Monroe wrote this book to serve three separate but related, interdependent purposes: To help her readers gain a much better understanding of untapped talent and why it exists; then in Part II, she examines specific areas in which supervisors can have a direct and substantial impact by “mining and refining talent”; finally, in Part III, she examines characteristics she’s identified as “essential in great leaders as it applies to untapped talent.” It is worth noting that throughout history, all of the greatest leaders have had a “green thumb” for “growing” the people they need to achieve the given objective.
These are among the dozens of passages that caught my eye, also listed to indicate the scope of Monroe’s coverage.
o Scarce Talent: The Skills Gap (Pages 18-21)
o Discovering the Realities (30-40)
o A three-level model for organizational change (61-66)
o The Culture of Talent Stewardship (70-82)
o Spotting the Soft Skills (91-93)
o River of Life (103-107)
o The Three Rs (Resourcefulness, Resilience, and Resolve): Emerging from the Hidden Workforce (119-123)
o The Face of Resourcefulness (133-137)
o Building Resiliency (147-149)
o Resolve Is About Success…and Failure (156-161)

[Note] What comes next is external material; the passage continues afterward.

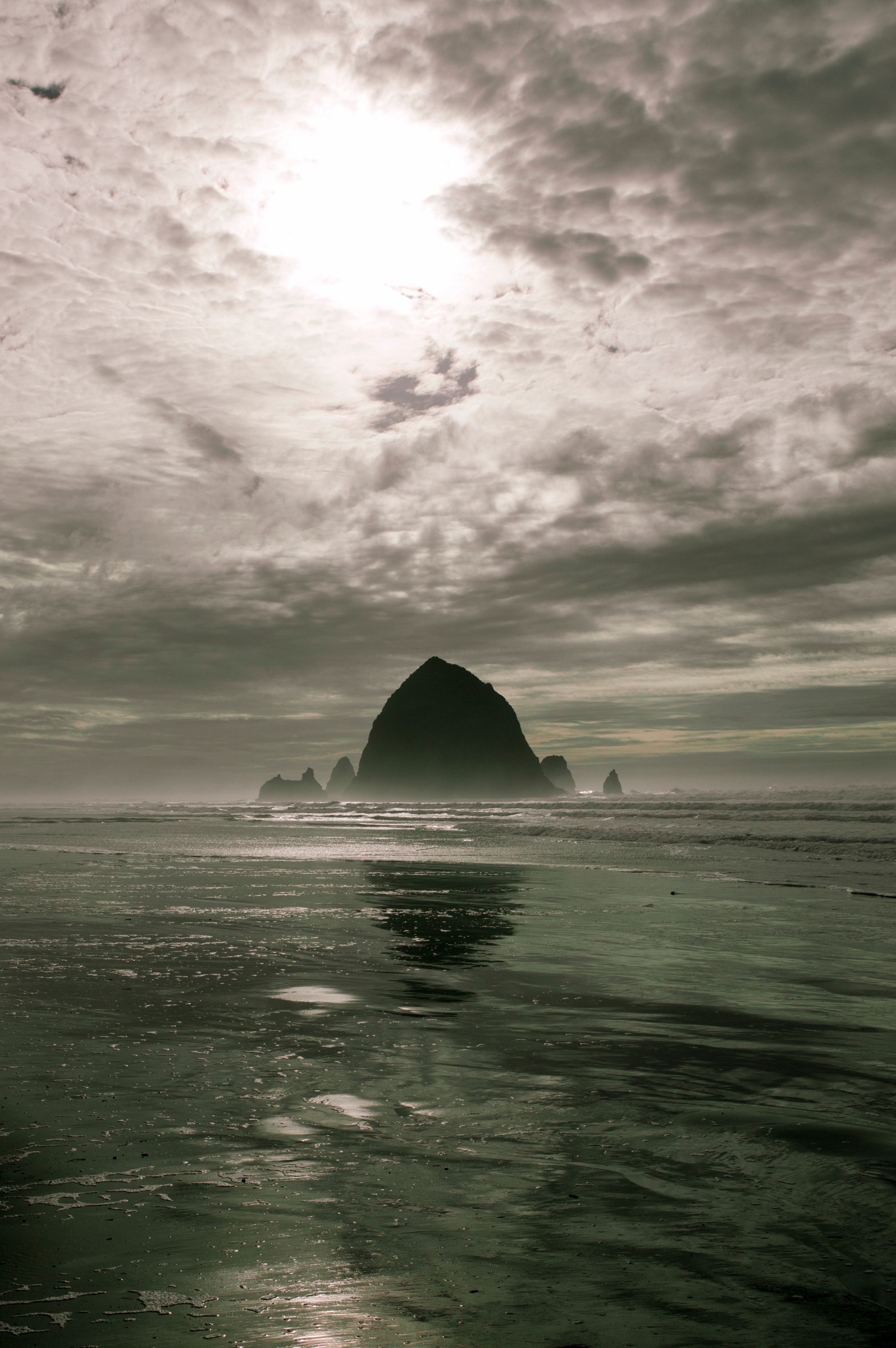 Haystack Rock silhouette beneath textured clouds in a vertical frame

o The Path to Vision (169-171)
It is no coincidence that the companies annually ranked among the best to work for and most highly admired are also among the companies annually ranked as most profitable with the greatest cap value in their respective industry segments. They also have the greatest percentage of positively and productively engaged employees as well as the lowest attrition of valued employees.
Near the end of her book, Dani Monroe asks her readers to set their imaginations free. What follows is a series of defining characteristics of “a talent environment in which anything is possible — an ideal state.” Of course, none exists but many in the so-called real business world demonstrate many (if not most) of what she describes. Constantly tapping talent is their reality. “That’s the vision. Make it your reality!”
[…] Talent has attracted considerable exposure with reviews on 800CEORead.com/Natl Web and Blogging on Business, as well as coverage in the Global and Mail. Inc.com and Monster.com wrote an articles that will be […]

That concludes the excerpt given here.